Because the chain has shut down 127 underperforming stores since 1999 and cut 3,000 skus, impact on earnings is difficult to measure. The chain's latest quarterly report for the three months ended July 2, 2000, showed sales down 19.5% to $417.5 million. Comparable store sales in jewelry were up 9.2% and home good comps were down 8.2%, with declines noted in photo, seasonal/outdoor and tabletop/gifts. Although the filing did not specify earnings results, last year the company lost $243.7 million as sales dropped 29.6% to $2.23 billion, again partly due to store closings.

A subsequent 8-K filing showed the losses haven't stopped--for the month ended Oct. 1, 2000, the retailer reported a net loss of $16.3 million on sales of $83.1 million. As of Oct. 1, the retailer, which since April has been operating under a four-year $600 million debtor-in-possession financing agreement, had $182.2 million in cash available, assets of $985.9 million and liabilities of $379.1 million.

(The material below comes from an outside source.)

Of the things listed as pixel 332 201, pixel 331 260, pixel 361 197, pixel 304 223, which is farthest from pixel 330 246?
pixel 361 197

Besides winning back shoppers, another key to the chain's success may be its ability at managing real estate through subleases at all of its store sites. A Nashville court handling the bankruptcy case has approved 33 sublease deals.

At each of its stores in 30 states, the chain will erect a wall dividing its space to make about 25,000 sq. ft. available for leasing.

T.J. Maxx has acquired the most leases with 19, while other takers include Best Buy, Office Depot, Bed Bath & Beyond, A.C. Moore, H.H. Gregg and Bally's Total Fitness. McAfee said the majority of the tenants plan to open after December. Service Merchandise is still working to secure deals at its remaining locations.

Meanwhile, the retailer has decided to close stores in San Jose and San Francisco, Calif. The San Jose store closed in October, while the San Francisco store is scheduled to shut down after December.

"They were the only two stores in California. More than anything else it was a logistical issue," said McAfee. "At this time, we don't anticipate closing any more [stores]."

Next year, the chain intends to complete its remodeling program, updating another 70 to 80 stores that received a partial retrofit this year. The remaining 50 to 60 stores will be evaluated for possible replacement.

Another strategy to regain financial stability is leveraging the Web store. Though still a small piece of its overall retail sales, it continues to grow, offering 7,200 skus vs. the estimated 10,000 available in stores. This month the chain installed in-store kiosks where customers can shop from the site, featuring expanded assortments from an estimated 25 vendor partners.

Following its bankruptcy filing in March 1999, the company came up with a business plan that repositions the chain as a specialty retailer of jewelry, giftware and home-related goods. Competition had taken its toll on the chain's former broad-based catalog showroom format and subsequent attempts at becoming an upscale jewelry and home decor retailer.

Despite poor sales performance in many former categories, jewelry has remained its strong suit. With the heightened emphasis on jewelry, Service Merchandise may be in for a pleasant surprise this upcoming holiday shopping season.